WHAT THE TASK REQUIRES –
Return only the lines of the listing below that run from the line with "Negative Ion Ionizer" through the line with "AFRI - TWB01", both ends included, exactly as written.

MATERIAL TO PROCESS –
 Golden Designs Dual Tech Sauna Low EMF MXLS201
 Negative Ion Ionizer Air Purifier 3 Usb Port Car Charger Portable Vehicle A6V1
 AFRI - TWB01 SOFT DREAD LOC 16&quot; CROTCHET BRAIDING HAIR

---

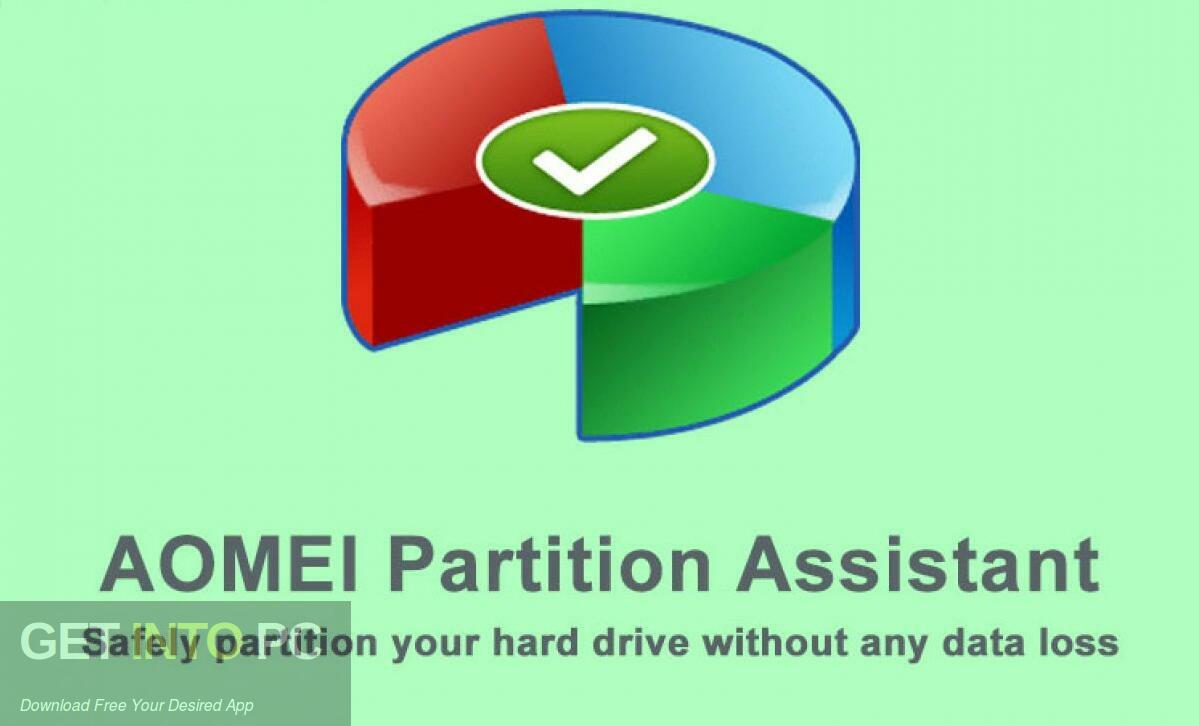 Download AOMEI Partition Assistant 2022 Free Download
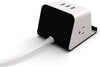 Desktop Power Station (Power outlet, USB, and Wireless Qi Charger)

YOUR SOLUTION –
 Negative Ion Ionizer Air Purifier 3 Usb Port Car Charger Portable Vehicle A6V1
 AFRI - TWB01 SOFT DREAD LOC 16&quot; CROTCHET BRAIDING HAIR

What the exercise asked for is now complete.